What you need to do: Produce a word-for-word copy of the line that contains "を外部から呼び出せば Fork は不要" and each line after it through the end of the material, omitting pictures and all other lines.

Material provided:
%%

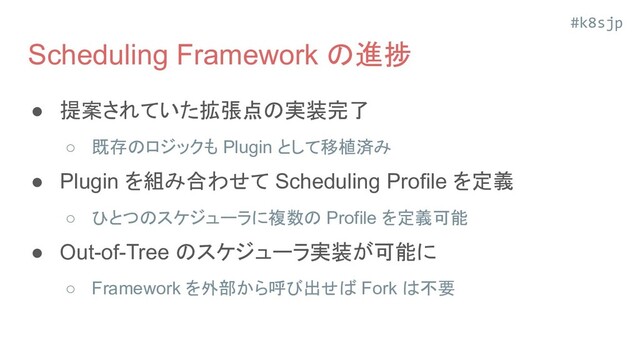 #k8sjp
Scheduling Framework の進捗
● 提案されていた拡張点の実装完了
○ 既存のロジックも Plugin として移植済み
● Plugin を組み合わせて Scheduling Profile を定義
○ ひとつのスケジューラに複数の Profile を定義可能
● Out-of-Tree のスケジューラ実装が可能に
○ Framework を外部から呼び出せば Fork は不要
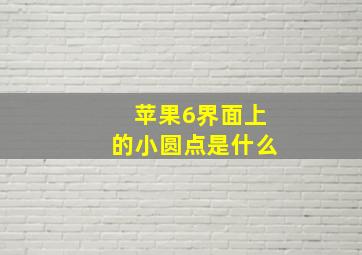 苹果6界面上的小圆点是什么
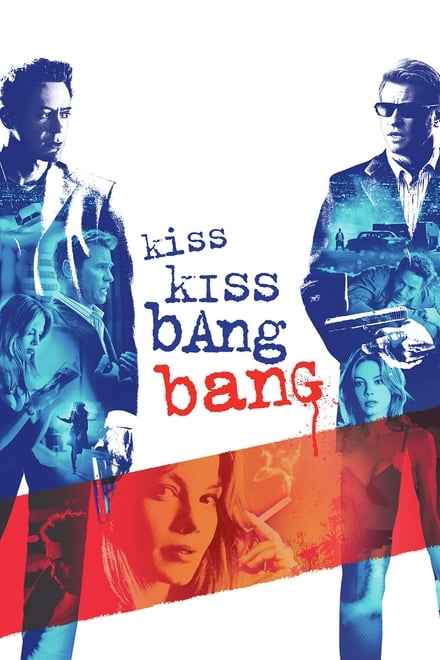 Kiss Kiss Bang Bang (2005)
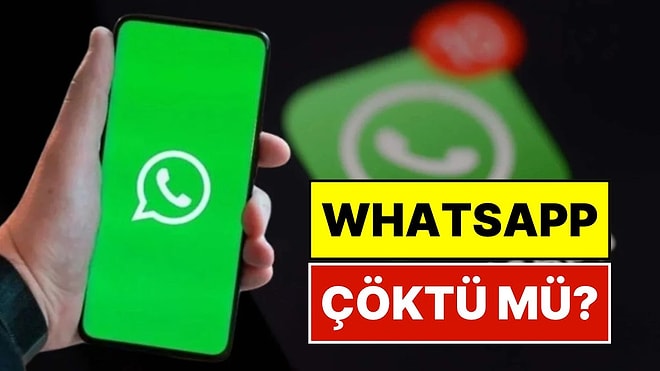 WhatsApp Çöktü mü? Sosyal Medyada Çok Sayıda Kişi WhatsApp'ın Çöktüğünü Yazdı! WhatsApp Neden Açılmıyor?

%%

Exercise result:
○ Framework を外部から呼び出せば Fork は不要
 苹果6界面上的小圆点是什么
 Kiss Kiss Bang Bang (2005)
 WhatsApp Çöktü mü? Sosyal Medyada Çok Sayıda Kişi WhatsApp'ın Çöktüğünü Yazdı! WhatsApp Neden Açılmıyor?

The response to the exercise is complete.